● WHAT YOU ARE ASKED TO DO
Leaving out the pictures, return word for word the stretch of entries below from the line holding "Kinderzimmer-Set Smoozy |" through the line holding "Sterling Silver with".
··· SOURCE INFORMATION ···
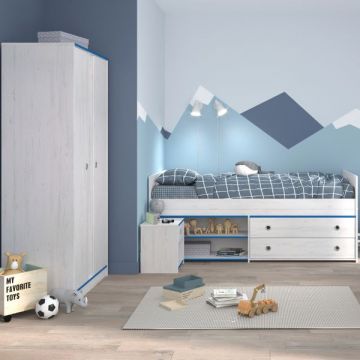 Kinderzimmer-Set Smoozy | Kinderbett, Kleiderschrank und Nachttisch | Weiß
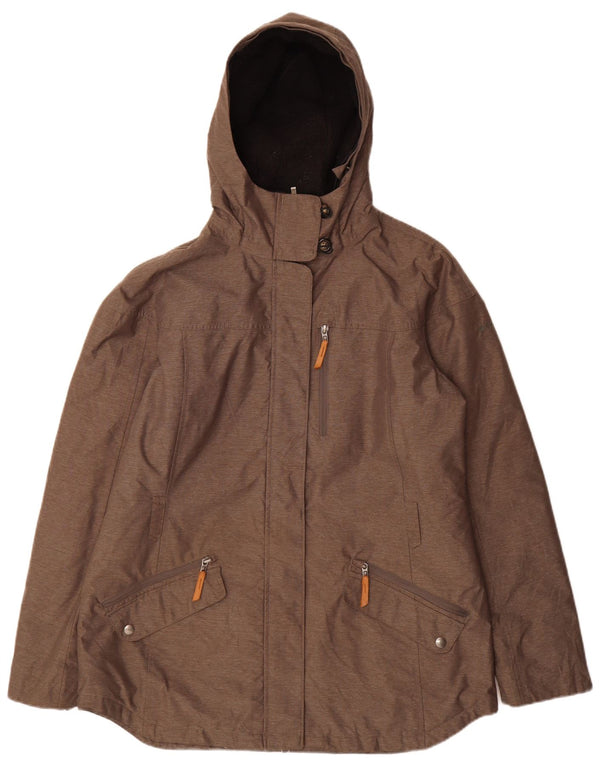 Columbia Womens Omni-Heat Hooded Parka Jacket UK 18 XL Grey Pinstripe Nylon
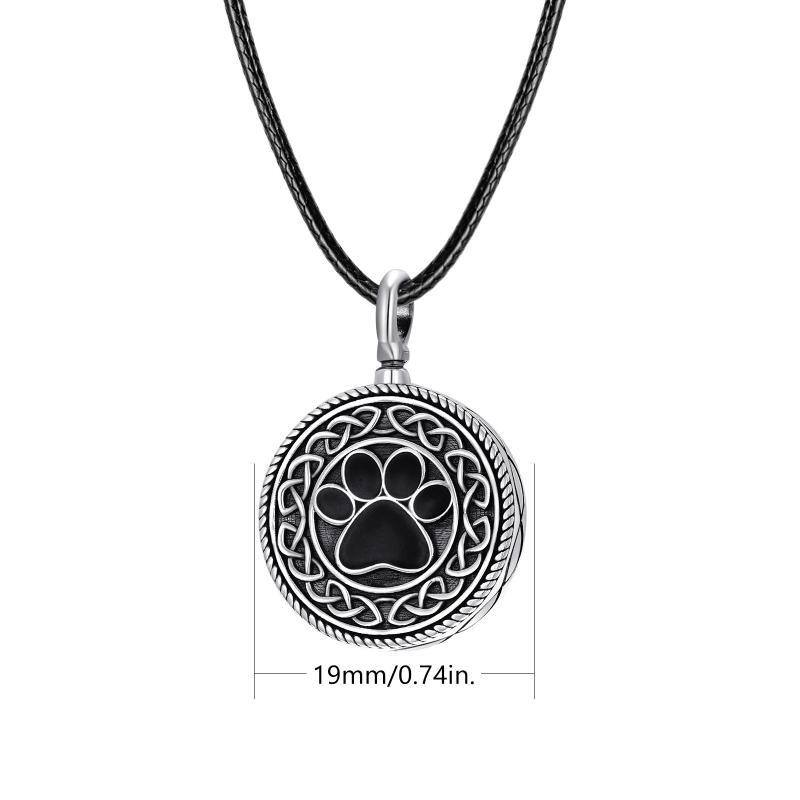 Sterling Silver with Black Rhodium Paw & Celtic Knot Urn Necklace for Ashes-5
···
··· SOURCE INFORMATION ···
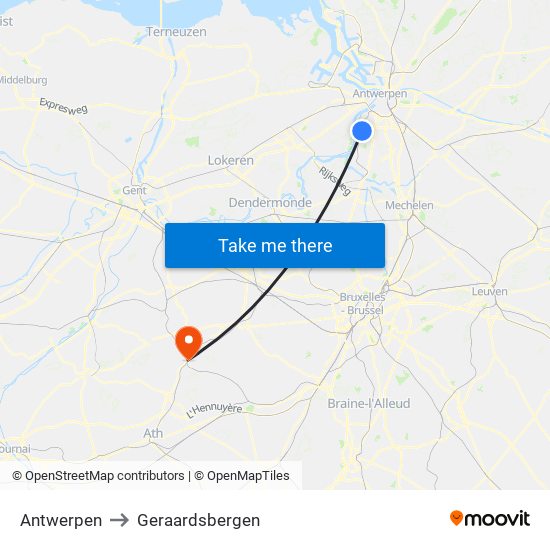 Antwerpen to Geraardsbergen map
···
● EXERCISE OUTPUT
 Kinderzimmer-Set Smoozy | Kinderbett, Kleiderschrank und Nachttisch | Weiß
 Columbia Womens Omni-Heat Hooded Parka Jacket UK 18 XL Grey Pinstripe Nylon
 Sterling Silver with Black Rhodium Paw & Celtic Knot Urn Necklace for Ashes-5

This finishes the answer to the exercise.